> Captioned web image data

_____

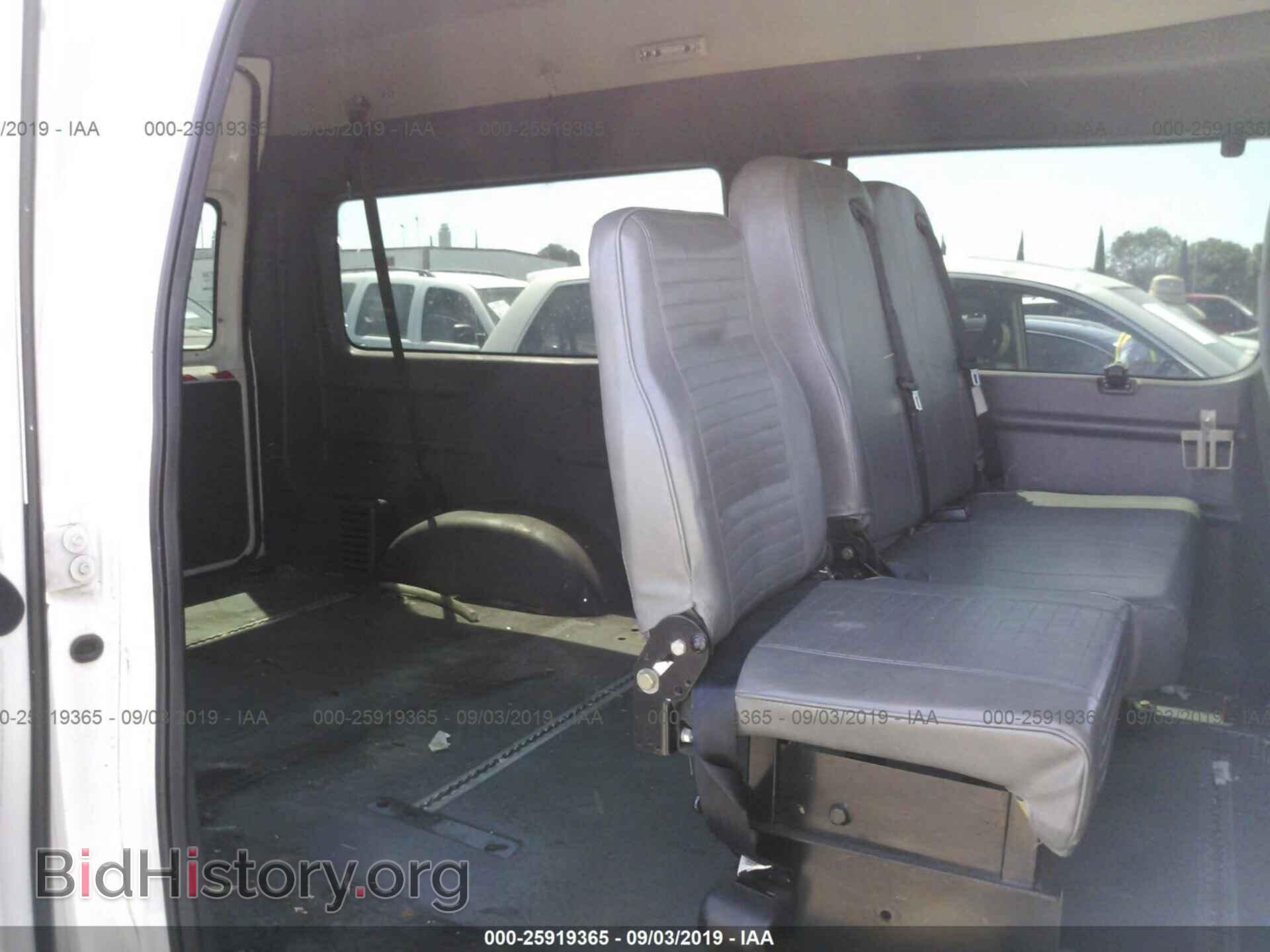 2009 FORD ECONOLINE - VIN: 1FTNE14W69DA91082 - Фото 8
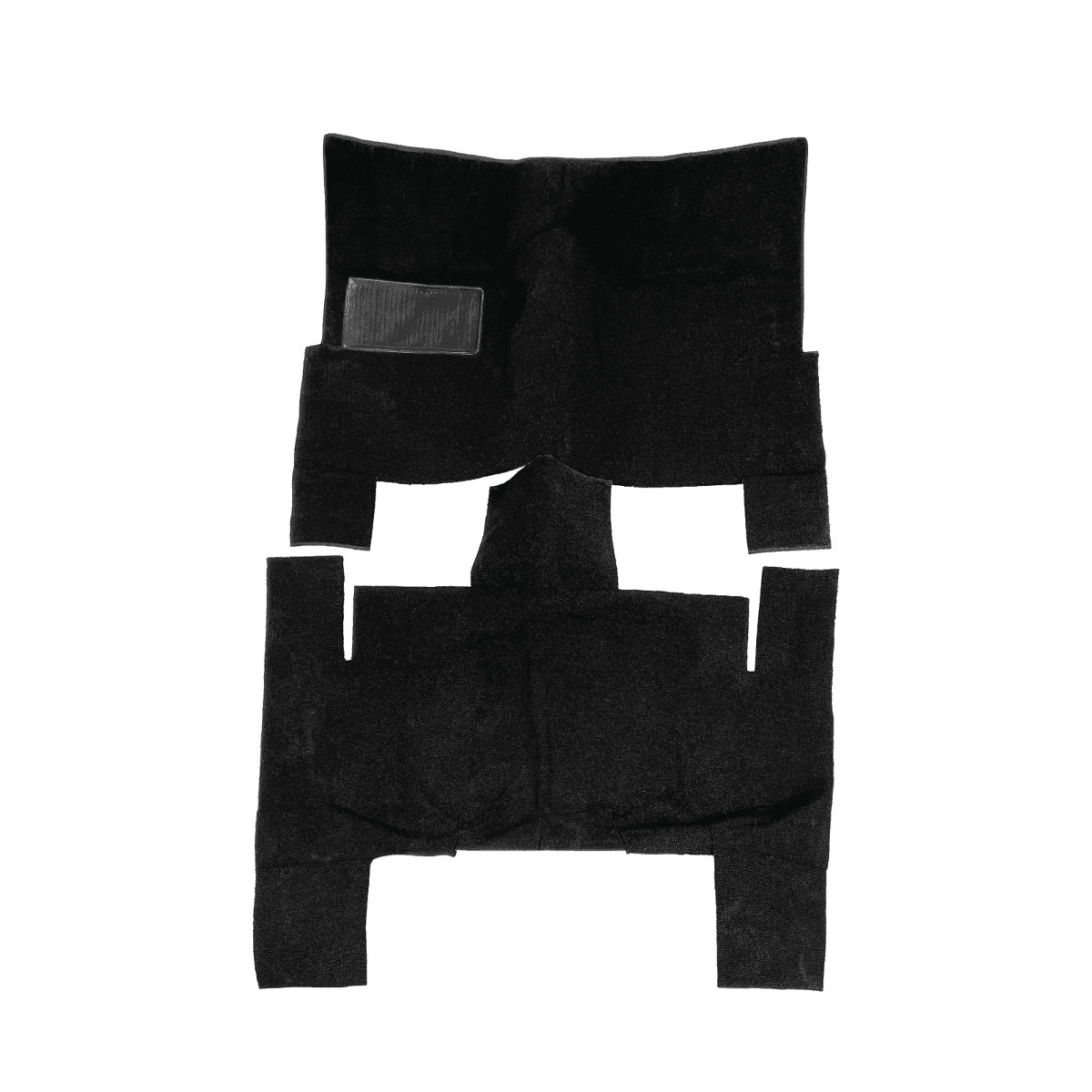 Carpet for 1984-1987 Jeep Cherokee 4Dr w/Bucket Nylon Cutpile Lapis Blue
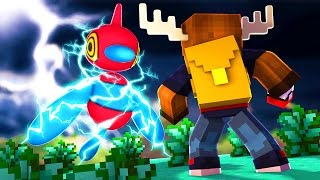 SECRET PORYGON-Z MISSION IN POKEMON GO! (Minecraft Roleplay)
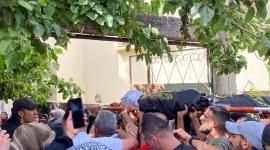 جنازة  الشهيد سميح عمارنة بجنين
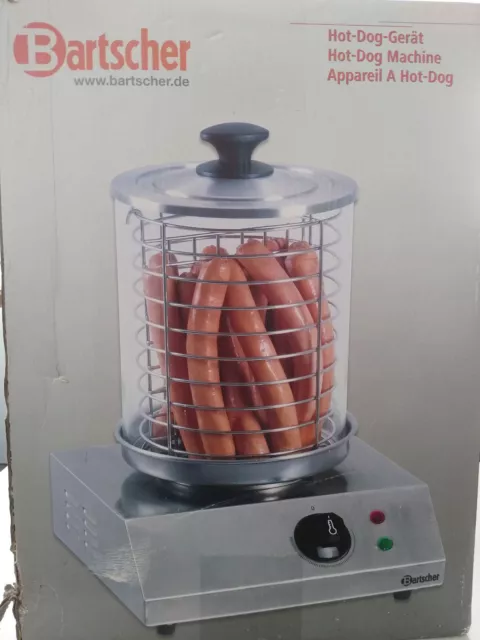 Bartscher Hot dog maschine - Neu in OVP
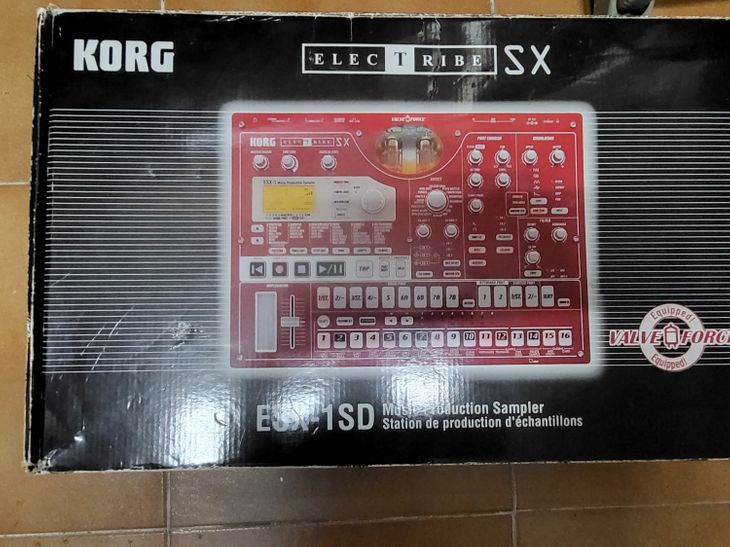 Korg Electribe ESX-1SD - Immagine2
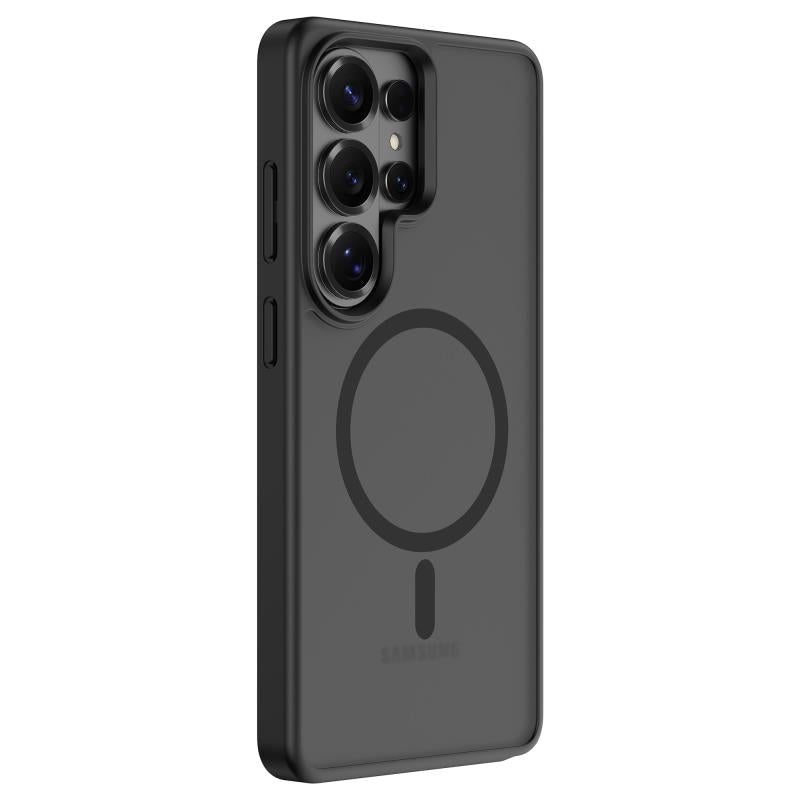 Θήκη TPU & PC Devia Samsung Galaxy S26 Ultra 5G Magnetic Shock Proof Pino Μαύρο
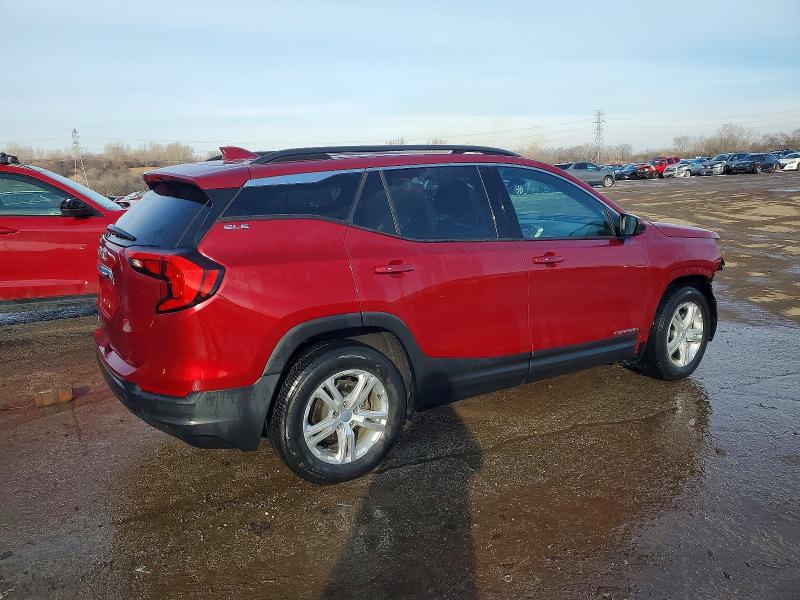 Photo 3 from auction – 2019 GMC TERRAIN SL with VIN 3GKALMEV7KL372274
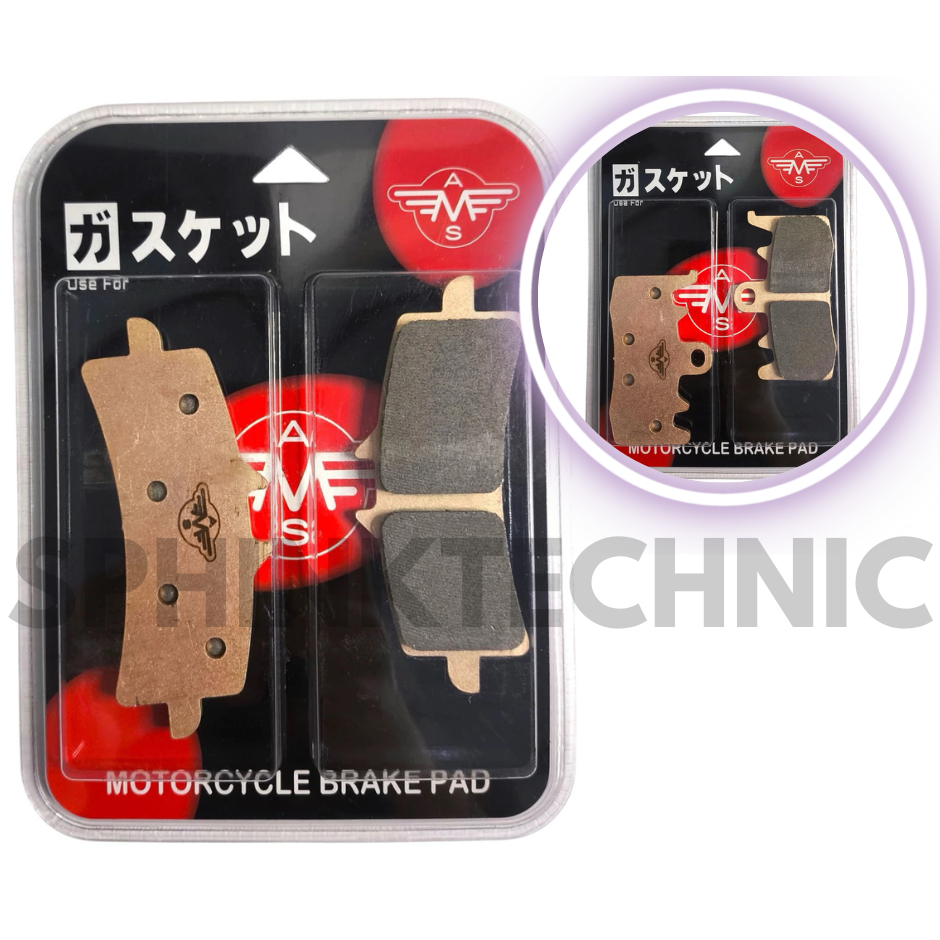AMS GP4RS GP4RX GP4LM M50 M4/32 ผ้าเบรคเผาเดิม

_____

> TASK TO COMPLETE
Return exactly the lines from the one containing "Bartscher Hot dog maschine - Neu in OVP" through the end of the records, leaving out every picture.

> WORKED SOLUTION
 Bartscher Hot dog maschine - Neu in OVP
 Korg Electribe ESX-1SD - Immagine2
 Θήκη TPU & PC Devia Samsung Galaxy S26 Ultra 5G Magnetic Shock Proof Pino Μαύρο
 Photo 3 from auction – 2019 GMC TERRAIN SL with VIN 3GKALMEV7KL372274
AMS GP4RS GP4RX GP4LM M50 M4/32 ผ้าเบรคเผาเดิม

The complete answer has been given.